Release Date: 3/3/2004
Contact Information: Wendy L. Chavez, (415) 947-4248

SAN FRANCISCO -- U.S. Environmental Protection Agency Regional Administrator Wayne Nastri today toured the Tohono O'odham Nation and gave the tribe a $50,000 grant to address increased illegal dumping along the border.

Federal law enforcement authorities estimate that approximately 1,500 undocumented migrants cross the reservation every day, leaving behind more than six tons of solid waste on their land daily. The Tohono O'odham Nation share more than 75 miles of shared border with Mexico, the largest international border of any tribe in the U.S.
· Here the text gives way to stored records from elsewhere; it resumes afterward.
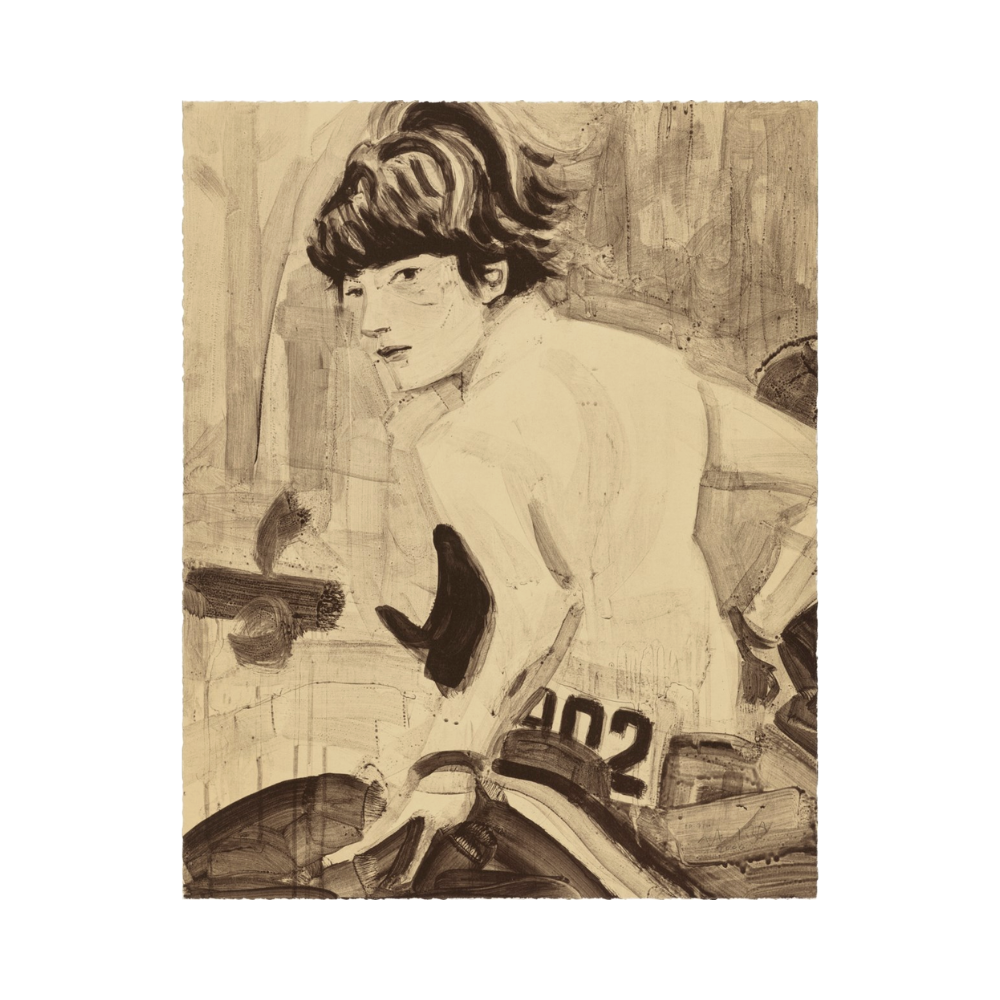 Elizabeth Peyton - Mai (Au-delà) d'après le Portrait de Mai (Omai) de Sir Joshua Reynolds - 2023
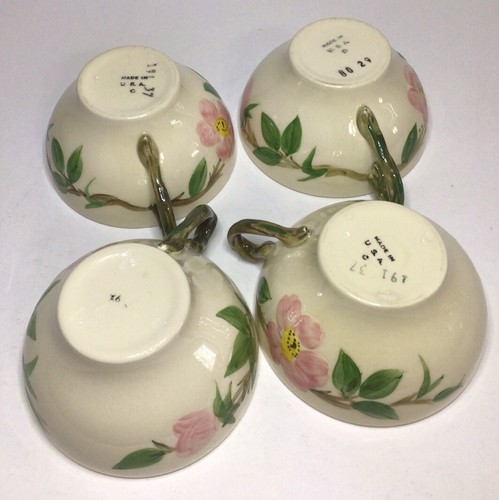 Tazas planas rosa del desierto franciscano 6 oz hechas en EE. UU. de colección conjunto de 4 - Imagen 6 de 24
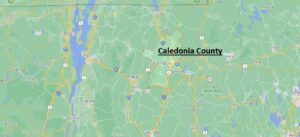 Caledonia County Map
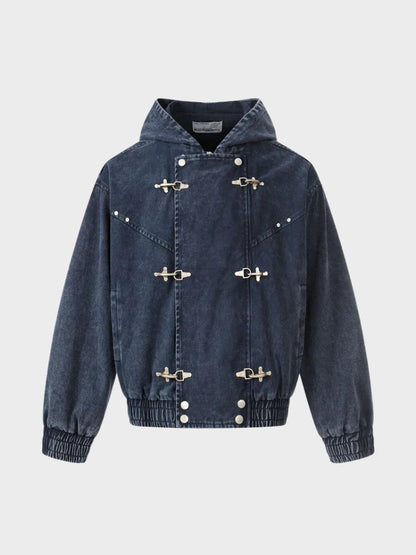 Revelse™ Cotton Denim Toggle Jacket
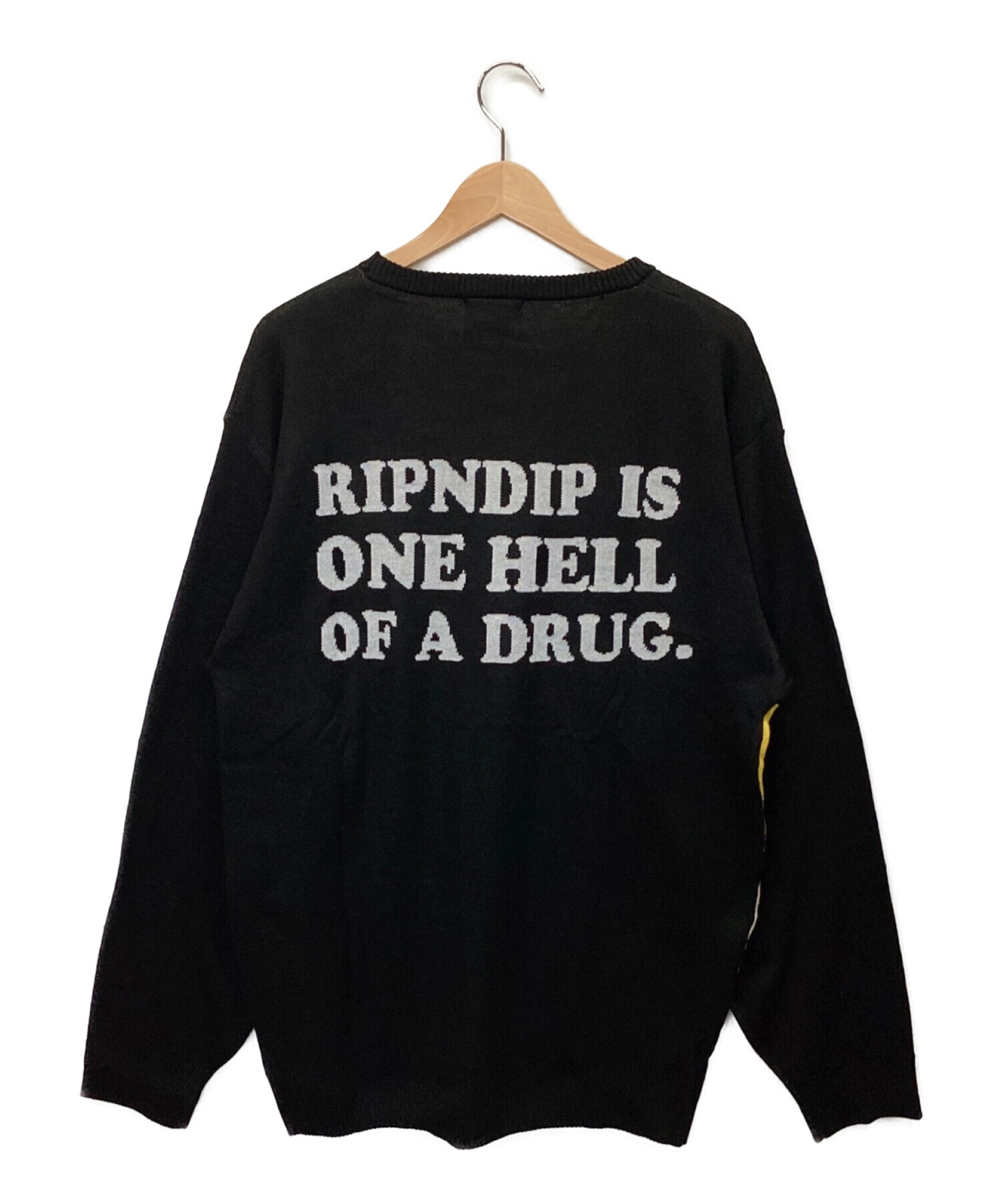 中古・古着通販】RIPNDIP (リップンディップ) ニット ブラック サイズ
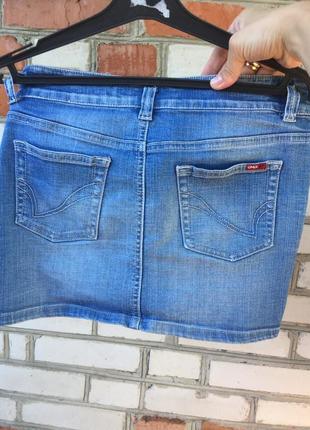 Спідниця жіноча джинсова синя коротка3 фото
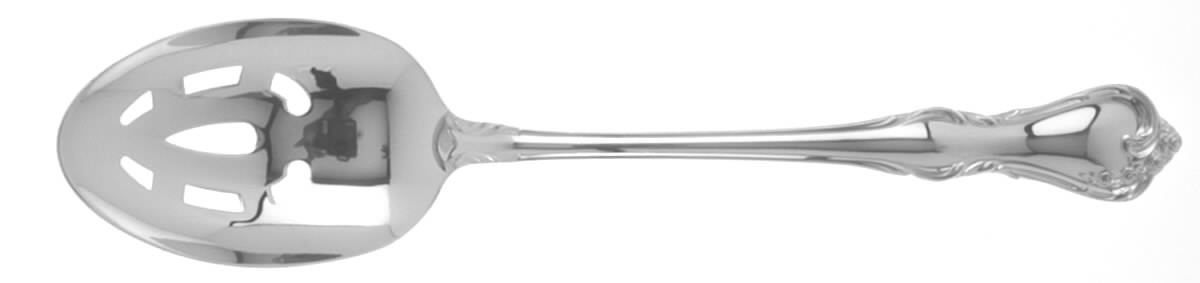 Cottage Rose (Silverplate, 1985) Pierced Tablespoon (Serving Spoon) by Reed & Barton-1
The Tohono O'odham Nation has identified two major migrant campsites that are littered with discarded items, such as water bottles, backpacks and blankets. As part of the 9-month pilot project, the grant will fund the cleanup of these two areas. The tribe will then determine if the waste can be recycled or sold, and if a sustainable program can be created that will cover costs for future cleanups.

"Funding tribal programs is a high priority for the EPA. We have a responsibility to help tribes protect and restore their natural resources, the environment and public health," said Nastri. "We need to do more, and this grant is an important step in helping the Tohono O'odham enjoy a landscape that is clear of waste."

Regional Administrator Wayne Nastri also toured the Cyprus Tohono mine, an inactive copper mine, where contamination threatened nearby drinking water wells. New water lines were recently constructed and the community now has a source for clean water.

Nastri also made a stop at one of the many successful open dump cleanups. Currently, the tribe has funding to close 62 of 113 open dump sites on the tribe's land, of which 14 have successfully been closed.

The EPA's regional office is currently working with over 130 tribes in Arizona, California and Nevada to build tribal environmental programs. Last year, the agency worked with tribes to improve drinking water for over 13,000 tribal homes, and to close 30 open dumps.

Nearly half of all tribes in the United States lack a solid waste management program. The EPA estimates that over 7 percent of all tribal members living on reservations in the U.S. lack running water, compared with less than half of one percent of the United States population as a whole. Over 1,100 open dumps are found on U.S. reservations.